Osmotic pressure increase due to the Cell Wall turnover and the Tol/Pal distinct location can explain the formation of blebbing

the hypothesis made in Reference about a link between vesicles creation and the turnover of the peptidoglycan act as a physical motor for our model : Indeed during the division of the cell, the peptidoglycan is degraded and reconstructed to be given a new shape. This turnover isn’t perfect: a part of the murrains components are released in the periplasm which make locally increased the pressure and so cause the local deformation of the outer membrane.
Defects in the TOL-PAL system leads to vesicles maturation reference. We can consider that TOL-PAL is acting as mooring ropes. So the distribution of TOL-PAL in the lipidic bilayer would be vital for the integrity of the outer membrane of the bacteria and any defect in those distributions can lead to vesicle maturation if there is any increase of the periplasm pressure. During vesicle creation Tol-Pal system act as counter forces to the osmotic pressure increase unabling a global swelling of the outer membrane. Using those types of information we create a 2 dimension model to explain the formation of blebbing

Brownian diffusion in the membranes can explains the affinity for concave region of outer membrane in bacteria and local clustering on the border of blebbing.

Our hypothesis to this model is that simple Brownian diffusion on the surface can explain stable accumulation of TOL and PAL in the border of the blebbing ( Link toward Details). Indeed physically it appears that Brownian motion model on a non-plane surface doesn’t predict a non uniform concentration of particles. They will aggregate themselves in the highly concave areas of membranes. This prediction is in agreement with some observation about Tol/Pal Reference and some experiments were done which confirm a phenomena in Reference which is the accumulation of proteins in the septa region during E.coli division but not explained efficiently by simple biology mechanism.

Brownian Diffusion predict accumulation of TOL-PAL on the border of vesicles in creation phases.

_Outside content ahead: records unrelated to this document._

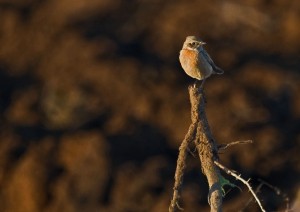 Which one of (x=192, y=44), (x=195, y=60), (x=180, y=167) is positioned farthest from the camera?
(x=192, y=44)

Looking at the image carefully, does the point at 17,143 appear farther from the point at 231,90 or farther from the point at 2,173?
the point at 231,90

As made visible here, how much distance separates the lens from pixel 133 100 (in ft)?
52.5

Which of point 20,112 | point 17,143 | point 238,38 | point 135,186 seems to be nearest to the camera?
point 135,186

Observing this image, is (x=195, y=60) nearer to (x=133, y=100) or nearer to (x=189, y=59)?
(x=189, y=59)

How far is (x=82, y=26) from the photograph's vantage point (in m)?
18.4

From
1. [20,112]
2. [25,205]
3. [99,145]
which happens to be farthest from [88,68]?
[25,205]

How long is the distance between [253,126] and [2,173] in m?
4.05

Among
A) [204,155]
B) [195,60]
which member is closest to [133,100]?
[195,60]

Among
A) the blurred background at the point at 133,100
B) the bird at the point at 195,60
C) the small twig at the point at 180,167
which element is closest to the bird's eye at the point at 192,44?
the bird at the point at 195,60

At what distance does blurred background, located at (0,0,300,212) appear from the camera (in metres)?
14.0

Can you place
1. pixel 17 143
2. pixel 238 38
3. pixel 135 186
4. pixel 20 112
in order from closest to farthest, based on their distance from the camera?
pixel 135 186 < pixel 17 143 < pixel 20 112 < pixel 238 38

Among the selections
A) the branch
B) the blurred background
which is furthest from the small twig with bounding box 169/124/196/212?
the blurred background

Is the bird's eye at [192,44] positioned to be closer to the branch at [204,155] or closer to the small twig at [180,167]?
the branch at [204,155]

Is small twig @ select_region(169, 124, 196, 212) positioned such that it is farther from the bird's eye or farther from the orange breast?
the bird's eye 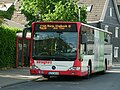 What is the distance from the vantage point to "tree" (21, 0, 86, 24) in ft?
126

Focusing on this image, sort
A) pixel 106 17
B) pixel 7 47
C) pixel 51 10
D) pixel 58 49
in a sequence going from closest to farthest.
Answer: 1. pixel 58 49
2. pixel 7 47
3. pixel 51 10
4. pixel 106 17

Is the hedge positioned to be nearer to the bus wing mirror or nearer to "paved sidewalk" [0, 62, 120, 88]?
"paved sidewalk" [0, 62, 120, 88]

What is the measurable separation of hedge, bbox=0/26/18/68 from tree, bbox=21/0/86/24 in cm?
813

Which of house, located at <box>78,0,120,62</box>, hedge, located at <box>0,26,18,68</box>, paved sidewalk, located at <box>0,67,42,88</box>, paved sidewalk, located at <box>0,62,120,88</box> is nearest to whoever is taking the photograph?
paved sidewalk, located at <box>0,67,42,88</box>

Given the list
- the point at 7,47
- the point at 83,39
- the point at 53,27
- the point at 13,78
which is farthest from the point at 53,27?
the point at 7,47

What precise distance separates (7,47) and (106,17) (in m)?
34.5

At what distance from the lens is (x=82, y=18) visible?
1592 inches

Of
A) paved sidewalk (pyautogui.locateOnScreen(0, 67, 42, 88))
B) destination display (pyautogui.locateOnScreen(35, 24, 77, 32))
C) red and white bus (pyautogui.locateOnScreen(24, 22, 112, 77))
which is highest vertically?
destination display (pyautogui.locateOnScreen(35, 24, 77, 32))

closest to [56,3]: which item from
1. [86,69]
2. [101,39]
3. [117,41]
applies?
[101,39]

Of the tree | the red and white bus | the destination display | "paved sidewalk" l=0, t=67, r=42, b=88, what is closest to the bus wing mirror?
the red and white bus

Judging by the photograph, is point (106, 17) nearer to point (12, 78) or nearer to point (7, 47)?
point (7, 47)

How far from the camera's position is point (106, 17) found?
6247 cm

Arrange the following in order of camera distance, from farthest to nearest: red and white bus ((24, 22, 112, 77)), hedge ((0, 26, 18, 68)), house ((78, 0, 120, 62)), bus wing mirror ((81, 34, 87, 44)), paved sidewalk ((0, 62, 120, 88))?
house ((78, 0, 120, 62)), hedge ((0, 26, 18, 68)), bus wing mirror ((81, 34, 87, 44)), red and white bus ((24, 22, 112, 77)), paved sidewalk ((0, 62, 120, 88))

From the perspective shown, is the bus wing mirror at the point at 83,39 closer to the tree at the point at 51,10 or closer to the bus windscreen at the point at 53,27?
the bus windscreen at the point at 53,27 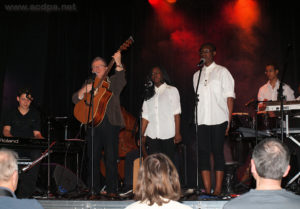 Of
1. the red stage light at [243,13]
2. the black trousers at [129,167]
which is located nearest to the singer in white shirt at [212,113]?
the black trousers at [129,167]

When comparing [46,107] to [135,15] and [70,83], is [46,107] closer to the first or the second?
→ [70,83]

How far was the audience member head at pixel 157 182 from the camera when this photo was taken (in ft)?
8.14

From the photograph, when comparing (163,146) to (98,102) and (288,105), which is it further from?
(288,105)

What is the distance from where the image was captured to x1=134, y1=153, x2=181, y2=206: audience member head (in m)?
2.48

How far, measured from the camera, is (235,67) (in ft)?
25.6

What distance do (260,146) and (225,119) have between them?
2.80 m

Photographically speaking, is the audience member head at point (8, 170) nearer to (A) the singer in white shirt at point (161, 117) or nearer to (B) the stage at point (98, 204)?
(B) the stage at point (98, 204)

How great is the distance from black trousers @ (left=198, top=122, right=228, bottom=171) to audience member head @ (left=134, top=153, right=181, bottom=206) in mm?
2655

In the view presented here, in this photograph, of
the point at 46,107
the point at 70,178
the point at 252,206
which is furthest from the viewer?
the point at 46,107

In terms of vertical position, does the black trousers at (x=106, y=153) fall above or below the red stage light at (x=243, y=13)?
below

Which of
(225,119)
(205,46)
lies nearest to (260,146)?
(225,119)

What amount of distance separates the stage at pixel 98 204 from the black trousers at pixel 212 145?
0.81 meters

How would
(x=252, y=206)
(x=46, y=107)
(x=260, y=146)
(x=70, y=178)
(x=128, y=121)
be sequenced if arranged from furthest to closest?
(x=46, y=107) → (x=128, y=121) → (x=70, y=178) → (x=260, y=146) → (x=252, y=206)

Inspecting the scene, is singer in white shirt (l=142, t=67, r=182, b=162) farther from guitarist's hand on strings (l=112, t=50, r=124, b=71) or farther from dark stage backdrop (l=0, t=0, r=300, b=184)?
dark stage backdrop (l=0, t=0, r=300, b=184) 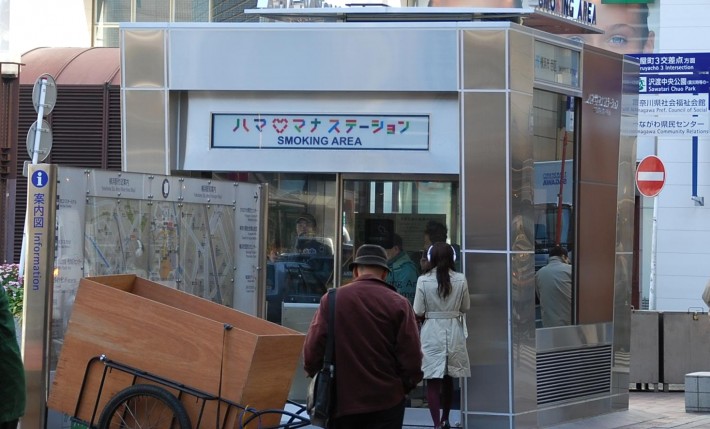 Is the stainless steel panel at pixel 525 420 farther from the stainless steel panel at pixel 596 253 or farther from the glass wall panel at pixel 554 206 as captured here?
the stainless steel panel at pixel 596 253

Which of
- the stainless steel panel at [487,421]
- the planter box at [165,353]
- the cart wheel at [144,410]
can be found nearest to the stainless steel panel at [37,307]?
the planter box at [165,353]

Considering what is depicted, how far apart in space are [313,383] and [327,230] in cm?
458

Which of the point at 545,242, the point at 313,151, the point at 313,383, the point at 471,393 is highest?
the point at 313,151

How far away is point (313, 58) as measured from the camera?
35.6ft

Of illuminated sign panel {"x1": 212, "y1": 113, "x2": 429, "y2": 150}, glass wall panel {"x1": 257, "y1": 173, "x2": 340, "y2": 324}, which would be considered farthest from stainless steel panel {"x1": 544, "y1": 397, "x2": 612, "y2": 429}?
illuminated sign panel {"x1": 212, "y1": 113, "x2": 429, "y2": 150}

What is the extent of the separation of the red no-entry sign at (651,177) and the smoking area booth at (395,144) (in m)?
6.18

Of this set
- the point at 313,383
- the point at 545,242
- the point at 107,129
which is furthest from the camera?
the point at 107,129

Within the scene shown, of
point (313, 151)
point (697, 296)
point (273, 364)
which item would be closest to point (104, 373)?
point (273, 364)

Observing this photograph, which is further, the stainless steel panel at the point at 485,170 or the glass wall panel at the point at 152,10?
the glass wall panel at the point at 152,10

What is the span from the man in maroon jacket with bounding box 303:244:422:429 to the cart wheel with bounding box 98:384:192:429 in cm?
91

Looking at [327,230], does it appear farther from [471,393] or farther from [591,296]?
[591,296]

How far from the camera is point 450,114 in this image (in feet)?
35.5

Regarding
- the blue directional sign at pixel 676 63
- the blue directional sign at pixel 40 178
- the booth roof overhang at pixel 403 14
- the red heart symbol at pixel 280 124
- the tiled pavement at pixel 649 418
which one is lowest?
the tiled pavement at pixel 649 418

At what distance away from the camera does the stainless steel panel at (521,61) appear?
35.0 ft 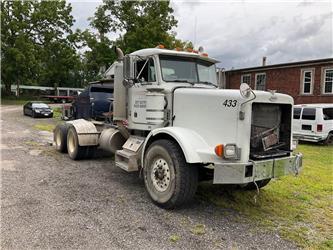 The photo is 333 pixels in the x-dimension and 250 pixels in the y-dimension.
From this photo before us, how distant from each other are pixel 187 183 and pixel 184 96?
144 cm

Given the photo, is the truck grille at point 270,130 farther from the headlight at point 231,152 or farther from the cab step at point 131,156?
the cab step at point 131,156

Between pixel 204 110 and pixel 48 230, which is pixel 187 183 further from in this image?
pixel 48 230

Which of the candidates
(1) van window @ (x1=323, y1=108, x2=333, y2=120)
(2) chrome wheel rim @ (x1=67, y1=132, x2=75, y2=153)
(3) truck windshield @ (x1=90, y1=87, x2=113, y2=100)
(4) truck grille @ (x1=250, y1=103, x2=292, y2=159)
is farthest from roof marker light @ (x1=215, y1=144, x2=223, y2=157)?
(1) van window @ (x1=323, y1=108, x2=333, y2=120)

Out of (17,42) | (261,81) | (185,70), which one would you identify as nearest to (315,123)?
(185,70)

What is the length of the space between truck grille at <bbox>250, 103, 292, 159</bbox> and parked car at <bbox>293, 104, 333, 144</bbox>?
8641 millimetres

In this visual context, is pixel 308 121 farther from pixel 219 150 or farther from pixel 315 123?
pixel 219 150

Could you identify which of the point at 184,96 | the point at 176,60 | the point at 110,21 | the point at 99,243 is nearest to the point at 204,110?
the point at 184,96

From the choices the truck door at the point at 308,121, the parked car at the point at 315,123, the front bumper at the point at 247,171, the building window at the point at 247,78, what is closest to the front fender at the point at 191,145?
the front bumper at the point at 247,171

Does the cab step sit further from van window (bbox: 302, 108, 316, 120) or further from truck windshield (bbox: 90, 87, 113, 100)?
van window (bbox: 302, 108, 316, 120)

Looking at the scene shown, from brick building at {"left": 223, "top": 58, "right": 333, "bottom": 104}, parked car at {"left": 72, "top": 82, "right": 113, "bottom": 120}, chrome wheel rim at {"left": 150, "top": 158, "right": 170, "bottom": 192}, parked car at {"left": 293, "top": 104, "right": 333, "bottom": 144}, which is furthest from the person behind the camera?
brick building at {"left": 223, "top": 58, "right": 333, "bottom": 104}

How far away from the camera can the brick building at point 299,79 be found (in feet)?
63.8

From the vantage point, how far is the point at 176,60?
19.3 feet

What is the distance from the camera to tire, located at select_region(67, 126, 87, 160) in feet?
26.9

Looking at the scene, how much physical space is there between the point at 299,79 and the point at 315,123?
28.3 ft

During the osmotic pressure increase if the TOL-PAL proteins complexes are not enough to create a tight net, blebbings can appear. On their border the curvature is negative and will be quickly populated by free PAL they will tend to attach themselves to the TOL complex localized in the inner membrane behind the cell wall and so the border of the blebbing is tightening itself. If the bleb is important enough the negative spontaneous curvature of the lipid bilayer of E.Coli ensures the tightening of the border would not retract the whole blebbing but just the border between the blebbing and the outer membrane. this end the maturation of the blebbing in a vesicle.